Palmer Robertson is a master biblical theologian. He has a great eye both for the forest and the trees of the Bible; he can see the big picture as well as how all the details play their own vital role. As he traces different themes through the Old and New Testaments, he is faithful to each text in its historical context but can also see how OT themes anticipate NT ones, how the NT answers the questions of the OT. Simply put, the book is masterfully argued, and it is compelling in its entirety. I came in expecting to agree with his thesis, but understand my own position better after reading the book.
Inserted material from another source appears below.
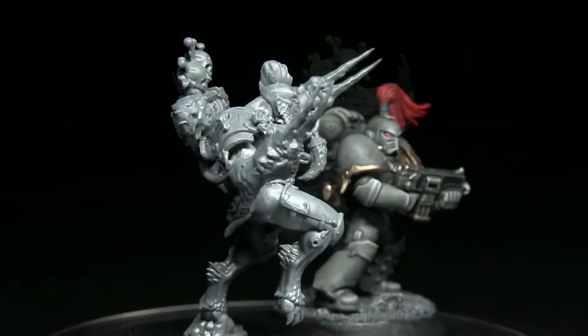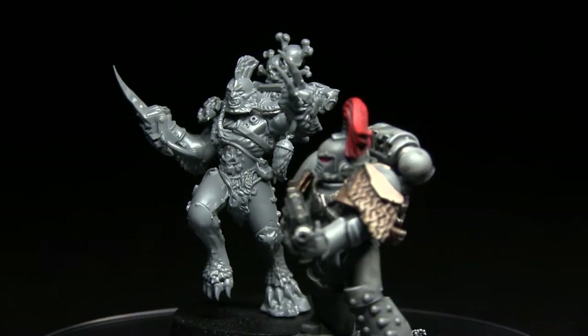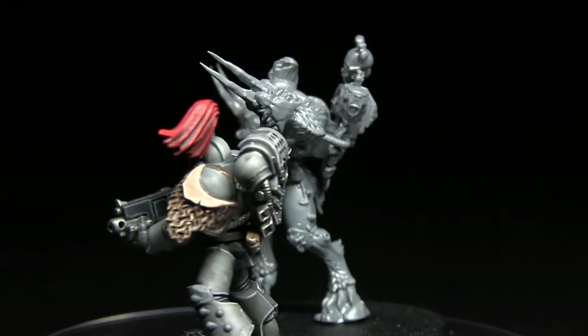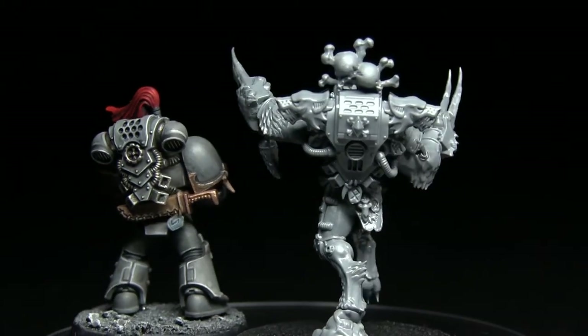Standing up, you can see that the Wulfen stands slightly higher than a normal Space Marine, though this is more likely due to his pose than anything else. So now we've looked at the assembled miniature, let's zoom out and get an overall summary for this kit.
A couple of minor complaints: the chapter on Israel’s worship, which unpacks Hebrews 7 and shows that the high priesthood of Christ renders any other priesthood useless, is 32 pages long. I started to get bogged down about 2/3 of the way through and wonder when he was going to make his point. The material is excellent, but could probably be condensed (yes, it’s ironic for me to say that). I also thought there were a couple of weak spots in his exegesis of Romans 11—one or two straw-man arguments and logical leaps. I’m inclined to agree with his conclusion, though, which is that in Rom 11 Paul is describing all of God’s elect, Jews and Gentiles, being saved through history, not a future event where Israel is converted as a nation.

Robertson may be shouting into a tornado here, but he needs to be heard. His voice brings sober and responsible handling of Scripture to a hotly-debated topic, and he demonstrates its serious implications for our doctrine and practice. Read this book with Bible in hand, and you will be more grateful that Jesus is the high priest of a better covenant.